Every day in Spain, an average of 34 self-employed workers dedicated to commerce disappear. A loss of productive fabric that has been happening for two years, mainly due to the blow of inflation in this period.
The rise in prices and the slowdown in demand has been the main problem in the sector, which also suffers from competition from large companies – especially digital distribution platforms, since only 28% of companies in the sector have online sales channel or ecommerce -, customer non-payment and financing problems, derived from the increase in the cost of credit due to the rise in interest rates and the difficulties in accessing new funds.
These circumstances lead 52% of companies in the sector to foresee a drop in their sales in 2024, according to the latest edition of the Business Competitiveness Observatory prepared by the Spanish Chamber of Commerce based on 400 surveys, to which EL has had access. WORLD. Pessimism is greater among smaller companies – from 0 to 9 employees – since in this segment 58% predict a less favorable situation in this year that has just begun.
Despite the difficulties, businesses have generally maintained employment: 73.8% have continued with the same number of workers, while 16.5% have made new hires, making a total of 9 out of 10 companies They have increased or maintained the workforce, according to the document. This perception is consistent with Social Security affiliation data, which show that 34,558 employees have joined the sector throughout the year.
This good dynamism is cushioned by the drain among the self-employed, who in many cases have been forced to close. “We witness impassively the extinction of retail commerce,” lamented a few months ago one of the largest self-employed associations in the country, UPTA. “The most affected sector throughout the year continues to be commerce. The high number of businesses that have been lost stands out, undoubtedly due to the economic crisis, the shortage and the high prices of raw materials, fuel and electricity “More than ever, it is necessary to activate a rescue plan for traditional commerce,” asked Eduardo Abad, its president.
There are several demands that this sector has. According to the Observatory, 82% of companies in the sector ask that the tax pressure be relaxed, that is, that tax burdens be lowered in order to have more disposable income; while 35.5% see it as necessary to improve information on subsidies that they can access; 14.3% ask for more uniform regulation; and 9% ask for commercial revitalization programs.
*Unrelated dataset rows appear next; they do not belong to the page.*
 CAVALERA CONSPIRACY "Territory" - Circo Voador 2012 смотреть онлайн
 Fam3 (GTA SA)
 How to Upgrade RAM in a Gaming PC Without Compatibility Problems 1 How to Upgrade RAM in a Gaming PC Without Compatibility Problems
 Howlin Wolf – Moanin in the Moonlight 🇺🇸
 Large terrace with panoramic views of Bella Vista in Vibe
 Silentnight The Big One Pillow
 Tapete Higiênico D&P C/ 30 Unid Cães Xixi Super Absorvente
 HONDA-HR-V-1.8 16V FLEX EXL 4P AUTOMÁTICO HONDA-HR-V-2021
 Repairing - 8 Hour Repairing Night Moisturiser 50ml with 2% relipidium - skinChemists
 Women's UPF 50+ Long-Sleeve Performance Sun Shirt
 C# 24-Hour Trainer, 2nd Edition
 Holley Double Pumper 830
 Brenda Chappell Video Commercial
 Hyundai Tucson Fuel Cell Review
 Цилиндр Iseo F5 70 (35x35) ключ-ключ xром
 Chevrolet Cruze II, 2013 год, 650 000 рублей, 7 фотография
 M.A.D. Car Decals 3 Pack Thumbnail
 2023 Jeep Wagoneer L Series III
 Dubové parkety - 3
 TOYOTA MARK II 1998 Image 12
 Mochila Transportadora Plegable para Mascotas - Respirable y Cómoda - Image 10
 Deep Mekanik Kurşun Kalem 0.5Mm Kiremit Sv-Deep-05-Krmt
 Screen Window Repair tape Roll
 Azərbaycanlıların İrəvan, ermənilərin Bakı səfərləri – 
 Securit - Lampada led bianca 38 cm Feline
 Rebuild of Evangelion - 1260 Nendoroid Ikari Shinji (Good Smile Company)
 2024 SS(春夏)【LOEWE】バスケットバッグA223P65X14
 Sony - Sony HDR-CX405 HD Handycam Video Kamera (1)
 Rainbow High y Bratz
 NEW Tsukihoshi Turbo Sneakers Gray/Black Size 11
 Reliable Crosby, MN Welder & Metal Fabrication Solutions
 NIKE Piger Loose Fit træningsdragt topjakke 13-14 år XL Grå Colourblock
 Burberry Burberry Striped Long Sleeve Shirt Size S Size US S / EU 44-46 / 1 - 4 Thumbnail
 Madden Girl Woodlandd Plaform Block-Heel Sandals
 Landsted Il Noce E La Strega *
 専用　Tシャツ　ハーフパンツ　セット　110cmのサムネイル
Despite the difficulties, the fact that practically half of the productive fabric (48%) foresees an improvement in its sales in 2024 can be considered a positive fact, given the context of uncertainty and economic slowdown that the country is experiencing, with a Gross Domestic Product ( GDP) that is slowing down little by little.
In the last year, the Gross Added Value (GVA, equivalent to production) of commerce, transport and hospitality has been progressively slowing down. It rose 2.4% in the first quarter, 1.1% in the second and contracted 0.1% in the third, according to quarterly National Accounts data adjusted for seasonality and calendar.
This decline during the year would have been more pronounced if it had not been for the fact that household consumption spending has remained in positive territory, although it has also been deflating until registering a timid advance of 0.2% in the third.
“Spanish families have faced the current cycle of interest rate increases much better than in other episodes due to the strength of the labor market and the improvement in nominal gross income, and this despite the rise in inflation (… ) The best indicator that families are resisting better than in other cycles can be seen in the evolution of mortgage delinquencies, which remain contained at low levels (12.4 billion euros, 2.5%), and with a slight increase 442 million in the second quarter of 2023,” BBVA Research noted at the end of December, which estimates that “the transmission of the rate increase to households’ financial burdens has not yet been completed.”